Many of the things mentioned were helpful and still tools I use today.
1- Structured schedule. I liked a color coded one that had colors for family time, friend time, school/homework time, dance time, me time, etc. I got to decide what I wanted on the schedule so I had control but then I had a guideline and knew what to expect each day without someone telling me (which to this day sets my heart racing).
2- Meditation. I would go through a self hypnosis relaxation where I would take deep breaths and relax each body part from head to toe. This took a lot of practice time when I wasn’t anxious before I could do it with anxiety, but by the time I was 12 I could easily tell when I was starting into anxiety and I could to a quick 10 min relax so I could think clearly and make decisions without pressure.
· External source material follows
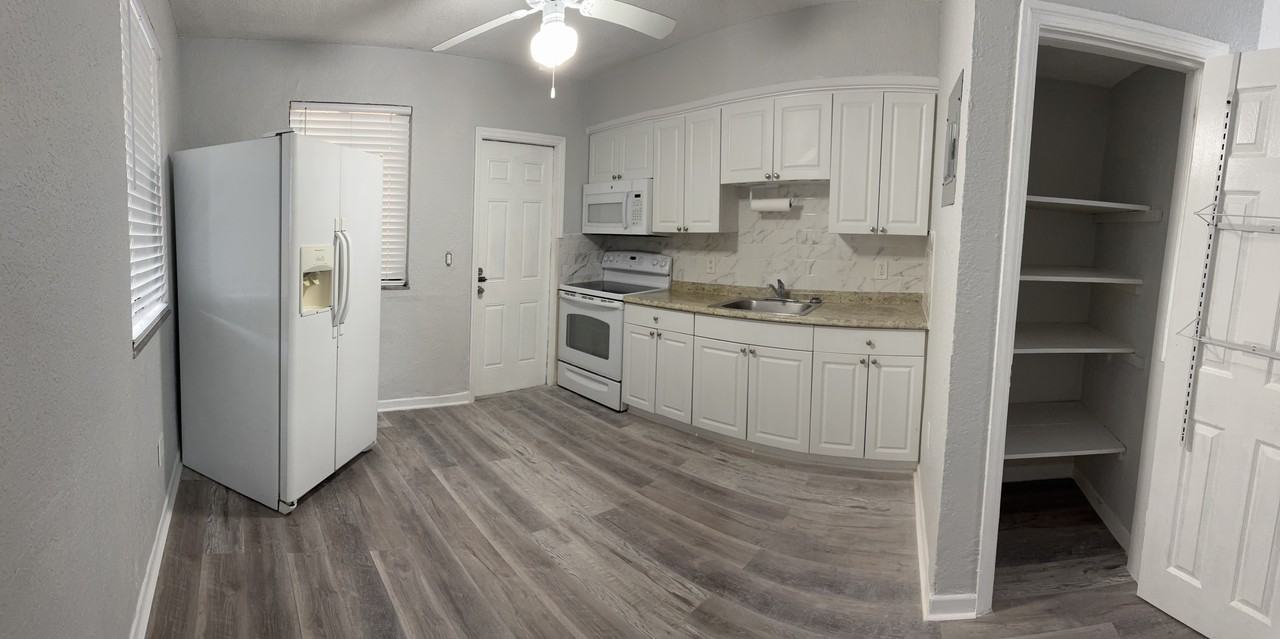 1100 Sw 34th Ave #1102 - Photo 3 of 13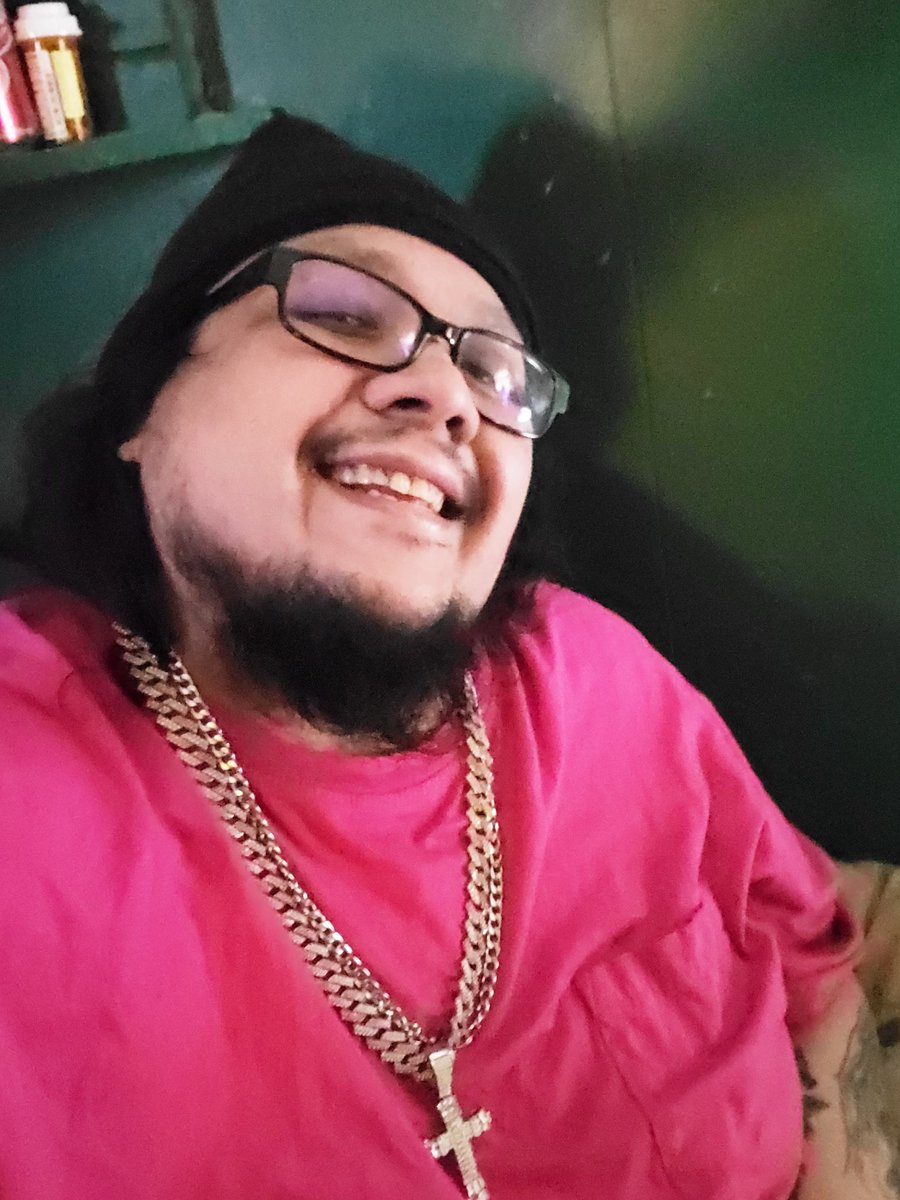 Robert26Moreno's tweet image. Chilling. #vibecity #vibe #WeedLovers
I think the best trick was when my mom started teaching it to me she never mentioned it was going to help with my attacks (if she did I would have felt too much pressure and resisted). She simply learned herself and then when I was having a great day and seemed open she offered it as a game for all the kids to participate in.
3. Water. This was just my thing, and she’ll have her own thing. Taking a shower always helped me re-set. This is still my go to method when I start to get over stressed. It makes me feel like I am washing whatever the problem is away and I get to start the day over.
With these tools I collected early on I have never had to take anti-anxiety drugs.
Good luck with everything!
I just stumbled onto your website by accident, but this post caught my attention. My (now 28yo) son has had anxiety since he was about 5 or 6. I think you are definitely on the right track and all the advice here seems good. Camylle’s response iseems most helpful at this point and I’d stress the meditation as she learned it. My son did not have this, though I did help him, with my being calm and a calming influence (according to him), until his late teen years. Finishing school and having to face life and major decisions was very stressful for him. He has learned meditation of sorts in the past few years and the improvement is immense, so it would be great for your little girl learn it early and avoid compounding stress and/or a necessity for anti-anxiety drugs. My son does the showers, too.
your the BOMB dot COM. your the bestest mom on earth. you will do what’s best for her! maybe going to costa rica will cure it. i hear the ocean air does a body good!